Baru-baru ini, media asal Inggris The Guardian merilis sebuah artikel berjudul “Indonesian president Prabowo’s first 100 days marked by u-turns, misstep and sky-high popularity”. Artikel tersebut ditulis oleh Kate Lamb, kolumnis yang berbasis di Sydney, Australia, dan menyoroti perjalanan awal pemerintahan Presiden Prabowo.
Dalam tulisannya, Lamb mencatat tingginya tingkat kepuasan masyarakat terhadap kinerja 100 hari pertama Presiden Prabowo. Data dari Lembaga Survei Indonesia (LSI) pada Januari lalu menunjukkan bahwa 81,4 persen publik menyatakan puas dengan kinerja Presiden.
Menurut mantan koresponden senior Reuters Indonesia itu, lonjakan kepuasan publik ini dipengaruhi oleh janji ambisius pemerintah dalam menyediakan makanan gratis bagi hampir 90 juta pelajar serta kemenangan telak dalam pemilu Februari tahun sebelumnya.

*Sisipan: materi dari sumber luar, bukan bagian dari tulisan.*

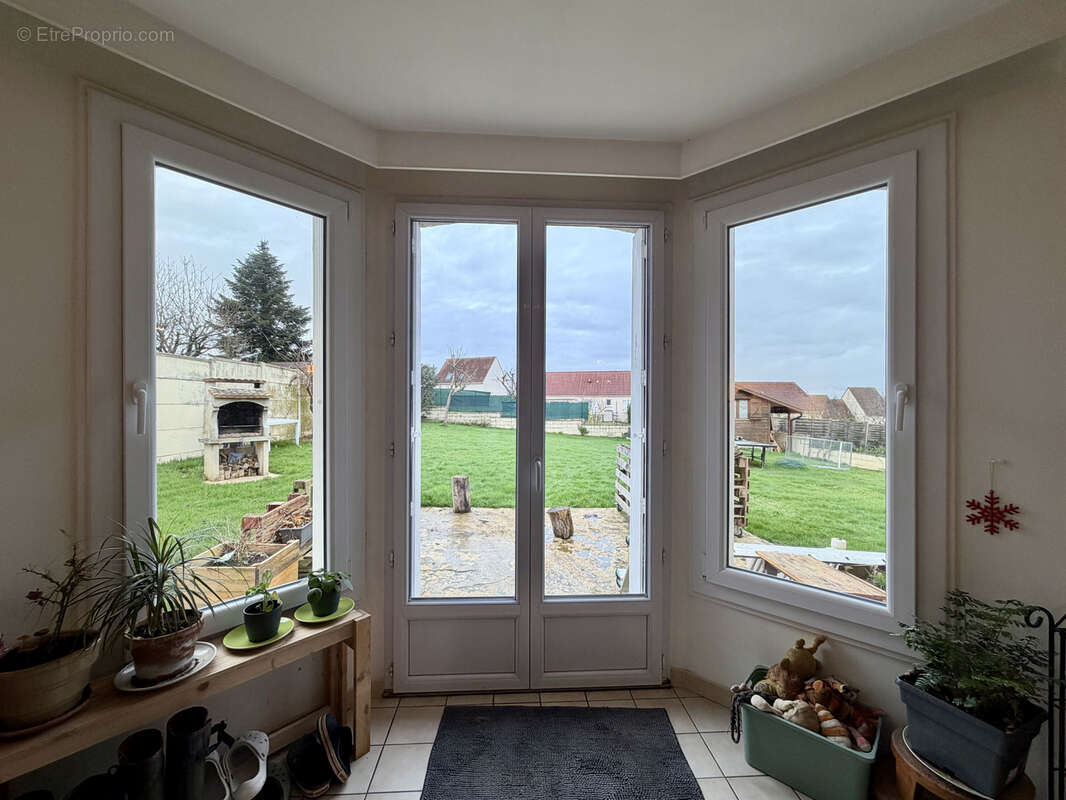 Maison à LA FERTE-GAUCHER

Namun, di balik angka kepuasan yang tinggi tersebut, kebijakan efisiensi anggaran yang dijalankan oleh Kabinet Merah Putih justru menimbulkan keprihatinan. Pemerintah melakukan pemangkasan besar-besaran dalam Anggaran Pendapatan dan Belanja Negara (APBN) 2025 hingga mencapai Rp 306,69 triliun. Kebijakan ini menimbulkan konsekuensi serius yang perlu ditinjau ulang.
Merujuk laporan Investor Daily edisi 11 Februari 2025, setidaknya 2,1 juta pekerja berpotensi mengalami pemutusan hubungan kerja (PHK) sebagai akibat dari penghematan anggaran di Kementerian Pekerjaan Umum. Anggaran kementerian ini dipangkas hingga 80 persen—dari Rp 110,95 triliun menjadi hanya Rp 29,57 triliun—dan menjadi penyebab utama gelombang PHK tersebut.
Itu baru satu contoh dari dampak kebijakan efisiensi. Masih banyak isu lain seperti gelombang PHK di berbagai sektor, kemunculan tagar viral #KaburAjaDulu, lonjakan Uang Kuliah Tunggal (UKT), pengurangan anggaran beasiswa, dan sejumlah persoalan lainnya yang muncul sebagai efek domino dari kebijakan ini.
Dengan demikian, walaupun efisiensi anggaran sangat diperlukan untuk tata kelola negara yang lebih baik, pelaksanaannya harus dilakukan dengan penuh pertimbangan. Kebijakan efisiensi semestinya tidak menimbulkan kerugian yang justru melemahkan fondasi sosial dan ekonomi bangsa.
Oleh karena itu, memahami secara menyeluruh prinsip dan implementasi efisiensi menjadi sangat penting. Tanpa perencanaan dan kajian yang matang, efisiensi yang seharusnya membawa manfaat bisa justru menjadi sumber krisis baru bagi Indonesia.